L'évolution isostatique des marges passives dépend de l'amincissement de la croûte continentale, de la production magmatique, de la perturbation thermique de la lithosphère pendant le rifting et de son rééquilibrage après le rift, ainsi que du poids des sédiments. Les variations eustatiques globales ou plus locales dans le cas de bassins isolés doivent également être prises en compte afin de proposer des reconstructions paléobathymétriques réalistes lors des premiers stades de l'expansion océanique.
De ce point de vue, l'ouverture de l'océan Atlantique Centrale est particulièrement intéressante. Après un rifting triasique, la marge passive de la Nouvelle-Écosse (Canada) enregistre des dépôts salifères lors de la rupture continentale qui a lieu au début du Jurassique. Afin de contraindre l'évolution de la subsidence depuis le dépôt du sel triasique jusqu'au Crétacé alors que l'accrétion océanique est bien engagée, nous avons utilisé une technique de "backstripping flexural" qui restaure la subsidence thermique post-rift tout en prenant en compte les effets de la décompaction et les variations eustatiques.
Les prédictions paléobathymétriques sont consistantes avec les observations sismiques et les environnements de dépôts déduits de la biostratigraphie sur le plateau continental. Des différences significatives sont observées dans la marge distale mais sont expliquées par des mouvements du sel après son dépôt. Les paléobathymétries modélisées pour la première croûte océanique, varient de 2 à 2,5 km de profondeur ; comme attendu dans le cas d'une dorsale océanique naissante.
La croûte océanique au sud-ouest de la Nouvelle-Écosse présente néanmoins des séquences de réflecteurs pentés vers la mer ("seaward dipping reflectors" - SDRs).
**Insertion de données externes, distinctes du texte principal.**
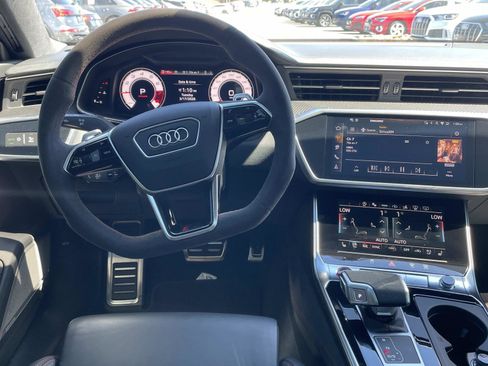 Used 2024 Audi RS 7 Performance image 15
Leur morphologie ressemble à celle des marges volcaniques telles que les marges norvégienne et groenlandaise (Atlantique Nord), où les résultats des forages indiquent que les SDRs les plus internes correspondent à des coulées de lave mises en place juste au-dessus du niveau de la mer. Cependant, près de 2km de bathymétrie est prédite pour ceux de la marge de la Nouvelle- Écosse. Ces résultats suggèrent que, contrairement aux attentes, la subsidence des SDRs de la marge de la Nouvelle-Écosse, et plus généralement des marges volcaniques n'est pas uniquement contrôlée par la subsidence thermique post-rift.